Clay didn’t think he was the right dragon for a Big Heroic Destiny.
Oh, he wanted to be. He wanted to be the great MudWing savior of the dragon world, glorious and brave. He wanted to do all the wonderful things expected of him. He wanted to look at the world, figure out what was broken, and fix it.
But he wasn’t a natural-hatched hero. He had no legendary qualities at all. He liked sleeping more than studying, and he kept losing chickens in the caves during hunting practice because he was paying attention to his friends instead of watching for feathers.
He was all right at fighting. But “all right” wasn’t going to stop the war and save the dragon tribes. He needed to be extraordinary. He was the biggest dragonet, so he was supposed to be the scary, tough one. The minders wanted him to be terrifyingly dangerous.
Clay felt about as dangerous as cauliflower.
“Fight!” his attacker howled, flinging him across the cavern. Clay crashed into the rock wall and scrambled up again, trying to spread his mud-colored wings for balance. Red talons raked at his face and he ducked away. “Come on,” the red dragon snarled. “Stop holding back. Find the killer inside you and let it out.”
“I’m trying!” Clay said. “Maybe if we could stop and talk about it —”
She lunged for him again. “Feint to the left! Roll right! Use your fire!” Clay tried to duck under her wing to attack her from below, but of course he rolled the wrong way. One of her talons smashed him to the ground, and he yelped with pain.
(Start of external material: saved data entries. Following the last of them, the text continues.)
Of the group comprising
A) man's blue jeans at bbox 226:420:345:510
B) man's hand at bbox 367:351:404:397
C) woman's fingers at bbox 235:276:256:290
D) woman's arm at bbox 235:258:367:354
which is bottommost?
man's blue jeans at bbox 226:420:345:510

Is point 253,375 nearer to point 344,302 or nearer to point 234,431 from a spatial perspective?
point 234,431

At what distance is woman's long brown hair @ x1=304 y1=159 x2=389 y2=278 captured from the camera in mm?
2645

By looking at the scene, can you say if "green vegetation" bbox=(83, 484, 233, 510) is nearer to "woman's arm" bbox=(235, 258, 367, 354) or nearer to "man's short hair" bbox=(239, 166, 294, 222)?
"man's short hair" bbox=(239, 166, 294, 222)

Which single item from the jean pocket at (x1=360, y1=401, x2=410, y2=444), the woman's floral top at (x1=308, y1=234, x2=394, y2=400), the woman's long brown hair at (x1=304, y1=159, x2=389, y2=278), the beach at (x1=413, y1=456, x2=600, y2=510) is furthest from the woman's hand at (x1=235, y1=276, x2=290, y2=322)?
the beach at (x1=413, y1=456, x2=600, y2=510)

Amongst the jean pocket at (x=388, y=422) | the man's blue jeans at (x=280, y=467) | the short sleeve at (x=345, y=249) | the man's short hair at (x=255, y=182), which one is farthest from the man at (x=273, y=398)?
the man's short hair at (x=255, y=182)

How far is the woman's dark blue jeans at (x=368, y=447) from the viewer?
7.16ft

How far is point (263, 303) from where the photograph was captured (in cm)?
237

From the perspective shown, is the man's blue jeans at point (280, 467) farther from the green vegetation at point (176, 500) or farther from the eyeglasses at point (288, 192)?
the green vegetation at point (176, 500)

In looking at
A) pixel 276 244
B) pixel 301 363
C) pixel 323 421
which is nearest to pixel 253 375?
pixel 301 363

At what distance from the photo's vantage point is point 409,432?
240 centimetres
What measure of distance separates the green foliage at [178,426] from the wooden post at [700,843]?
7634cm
“WHICH LEFT WAS THAT, USELESS?” Kestrel bellowed in his ear. “Are all MudWings this stupid? OR ARE YOU JUST DEAF?”
Well, if you keep that up, I will be soon, Clay thought. The SkyWing lifted her claws and he wriggled free.
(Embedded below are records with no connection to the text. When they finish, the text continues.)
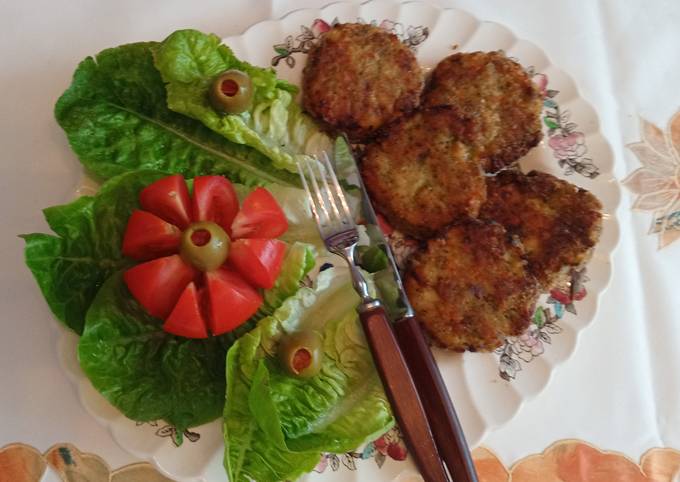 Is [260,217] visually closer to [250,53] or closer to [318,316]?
[318,316]

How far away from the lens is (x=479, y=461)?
196 cm

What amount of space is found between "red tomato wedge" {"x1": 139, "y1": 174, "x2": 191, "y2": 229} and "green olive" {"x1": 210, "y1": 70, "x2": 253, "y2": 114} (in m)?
0.31

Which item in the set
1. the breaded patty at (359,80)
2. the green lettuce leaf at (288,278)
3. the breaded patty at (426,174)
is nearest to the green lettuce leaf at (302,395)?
the green lettuce leaf at (288,278)

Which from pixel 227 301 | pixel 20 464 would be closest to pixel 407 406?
pixel 227 301

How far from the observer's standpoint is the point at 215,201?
176 cm

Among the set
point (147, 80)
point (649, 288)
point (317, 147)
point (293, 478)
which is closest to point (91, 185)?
point (147, 80)

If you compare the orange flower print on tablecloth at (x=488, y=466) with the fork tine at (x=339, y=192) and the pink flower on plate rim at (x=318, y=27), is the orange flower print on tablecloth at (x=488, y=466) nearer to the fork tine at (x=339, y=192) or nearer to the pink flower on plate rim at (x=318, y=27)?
the fork tine at (x=339, y=192)

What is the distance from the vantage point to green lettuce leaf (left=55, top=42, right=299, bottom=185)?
1.87m

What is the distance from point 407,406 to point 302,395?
1.05ft

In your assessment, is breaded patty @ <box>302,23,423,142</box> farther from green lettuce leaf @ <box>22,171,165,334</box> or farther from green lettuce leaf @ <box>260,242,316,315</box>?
green lettuce leaf @ <box>22,171,165,334</box>

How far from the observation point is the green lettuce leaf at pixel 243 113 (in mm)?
1881

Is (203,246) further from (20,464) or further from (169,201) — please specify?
(20,464)

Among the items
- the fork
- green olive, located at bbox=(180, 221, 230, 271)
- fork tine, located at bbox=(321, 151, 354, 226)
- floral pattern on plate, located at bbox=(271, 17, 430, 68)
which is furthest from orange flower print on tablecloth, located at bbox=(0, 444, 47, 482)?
floral pattern on plate, located at bbox=(271, 17, 430, 68)

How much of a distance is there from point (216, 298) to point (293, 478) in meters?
0.56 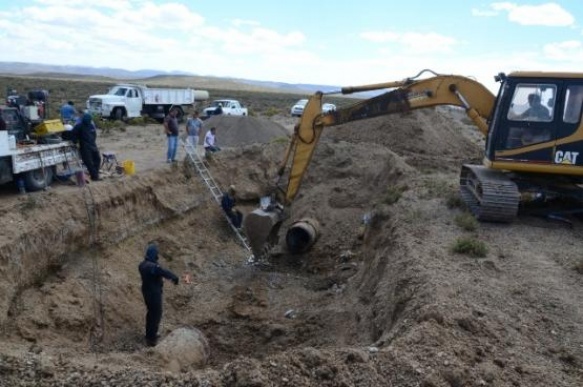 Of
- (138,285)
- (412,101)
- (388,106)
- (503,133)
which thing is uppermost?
(412,101)

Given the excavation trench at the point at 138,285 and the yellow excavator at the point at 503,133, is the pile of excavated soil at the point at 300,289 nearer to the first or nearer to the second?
the excavation trench at the point at 138,285

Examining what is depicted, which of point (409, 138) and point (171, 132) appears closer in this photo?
point (171, 132)

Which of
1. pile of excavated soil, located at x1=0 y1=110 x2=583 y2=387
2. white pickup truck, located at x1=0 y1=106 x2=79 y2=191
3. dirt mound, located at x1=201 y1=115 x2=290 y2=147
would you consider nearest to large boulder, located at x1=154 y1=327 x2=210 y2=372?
pile of excavated soil, located at x1=0 y1=110 x2=583 y2=387

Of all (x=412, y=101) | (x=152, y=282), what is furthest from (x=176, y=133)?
(x=152, y=282)

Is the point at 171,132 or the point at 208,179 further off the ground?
the point at 171,132

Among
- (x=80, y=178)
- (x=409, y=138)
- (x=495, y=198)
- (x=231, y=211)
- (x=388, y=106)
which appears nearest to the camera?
(x=495, y=198)

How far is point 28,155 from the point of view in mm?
13648

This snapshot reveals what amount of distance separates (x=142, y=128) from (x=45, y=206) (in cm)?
2027

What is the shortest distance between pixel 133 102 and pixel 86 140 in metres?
21.5

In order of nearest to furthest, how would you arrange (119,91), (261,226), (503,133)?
(503,133), (261,226), (119,91)

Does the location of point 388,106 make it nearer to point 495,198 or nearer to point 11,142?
point 495,198

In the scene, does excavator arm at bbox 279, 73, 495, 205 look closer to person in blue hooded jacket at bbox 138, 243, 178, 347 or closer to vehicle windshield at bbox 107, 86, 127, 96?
person in blue hooded jacket at bbox 138, 243, 178, 347

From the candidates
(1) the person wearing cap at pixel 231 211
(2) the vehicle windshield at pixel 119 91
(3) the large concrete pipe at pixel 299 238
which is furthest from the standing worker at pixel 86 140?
(2) the vehicle windshield at pixel 119 91

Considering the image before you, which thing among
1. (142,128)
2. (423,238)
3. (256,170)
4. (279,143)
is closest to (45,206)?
(423,238) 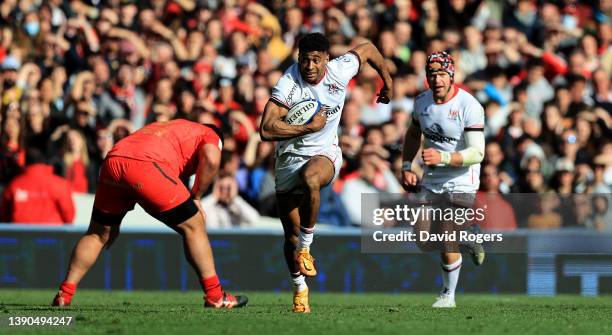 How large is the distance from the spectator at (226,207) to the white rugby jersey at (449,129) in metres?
4.35

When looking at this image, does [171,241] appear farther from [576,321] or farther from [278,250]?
[576,321]

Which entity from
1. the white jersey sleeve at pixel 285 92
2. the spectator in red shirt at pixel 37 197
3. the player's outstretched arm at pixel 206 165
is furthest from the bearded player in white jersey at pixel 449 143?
the spectator in red shirt at pixel 37 197

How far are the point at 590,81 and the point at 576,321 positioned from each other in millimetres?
10832

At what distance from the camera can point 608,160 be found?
1964cm

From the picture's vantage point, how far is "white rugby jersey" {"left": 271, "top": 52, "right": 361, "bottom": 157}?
12.4 meters

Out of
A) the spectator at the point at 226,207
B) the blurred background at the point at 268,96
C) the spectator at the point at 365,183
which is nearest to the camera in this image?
the blurred background at the point at 268,96

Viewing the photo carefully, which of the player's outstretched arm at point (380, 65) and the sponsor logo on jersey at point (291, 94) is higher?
the player's outstretched arm at point (380, 65)

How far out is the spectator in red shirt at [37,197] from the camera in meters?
17.3

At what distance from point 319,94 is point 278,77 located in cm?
787

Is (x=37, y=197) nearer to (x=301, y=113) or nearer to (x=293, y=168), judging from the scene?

“I don’t know about other MudWings,” he protested, licking his sore talons. “Obviously. But perhaps we could try fighting without all the shouting and see —” He stopped, hearing the familiar hiss that came before one of Kestrel’s fire attacks.
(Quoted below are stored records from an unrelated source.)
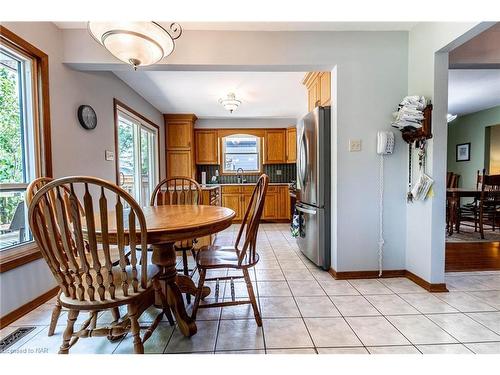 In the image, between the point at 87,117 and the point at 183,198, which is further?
the point at 183,198

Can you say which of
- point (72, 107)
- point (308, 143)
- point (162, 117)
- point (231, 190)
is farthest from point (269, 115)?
point (72, 107)

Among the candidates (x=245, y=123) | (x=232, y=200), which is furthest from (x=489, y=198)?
(x=245, y=123)

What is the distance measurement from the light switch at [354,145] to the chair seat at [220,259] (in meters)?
1.40

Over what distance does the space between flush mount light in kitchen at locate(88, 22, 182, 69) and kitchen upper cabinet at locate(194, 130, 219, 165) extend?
410 cm

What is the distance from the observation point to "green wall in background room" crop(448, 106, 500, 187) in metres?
5.39

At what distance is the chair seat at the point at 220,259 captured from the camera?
164 cm

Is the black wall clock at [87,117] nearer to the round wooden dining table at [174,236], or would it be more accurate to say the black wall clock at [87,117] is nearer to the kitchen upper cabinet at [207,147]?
the round wooden dining table at [174,236]

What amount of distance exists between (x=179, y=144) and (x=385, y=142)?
401 centimetres

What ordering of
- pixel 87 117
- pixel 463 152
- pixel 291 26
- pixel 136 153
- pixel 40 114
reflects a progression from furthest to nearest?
pixel 463 152
pixel 136 153
pixel 87 117
pixel 291 26
pixel 40 114

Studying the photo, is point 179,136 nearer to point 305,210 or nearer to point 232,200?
point 232,200

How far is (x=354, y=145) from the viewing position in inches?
94.7

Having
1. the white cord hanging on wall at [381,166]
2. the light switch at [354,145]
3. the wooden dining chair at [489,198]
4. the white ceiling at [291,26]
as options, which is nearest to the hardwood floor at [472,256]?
the wooden dining chair at [489,198]

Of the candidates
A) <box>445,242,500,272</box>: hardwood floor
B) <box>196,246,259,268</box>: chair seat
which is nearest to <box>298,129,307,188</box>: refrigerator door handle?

He threw his wings over his head, tucked his long neck in, and rolled into the maze of stalagmites that studded one corner of the cave. Flames blasted the rocks around him, singeing the tip of his tail.
“Coward!” the older dragon bellowed. She smashed one of the rock columns into a shower of sharp black pebbles. Clay covered his eyes and almost immediately felt her stamp down hard on his tail.
“OW!” he yelled. “You said stomping tails was cheating!” He seized the closest stalagmite between his claws and scrabbled up on top of it. From his perch near the roof, he glared down at his guardian.
“I’m your teacher,” Kestrel snarled. “Nothing I do is cheating. Get down here and fight like a SkyWing.”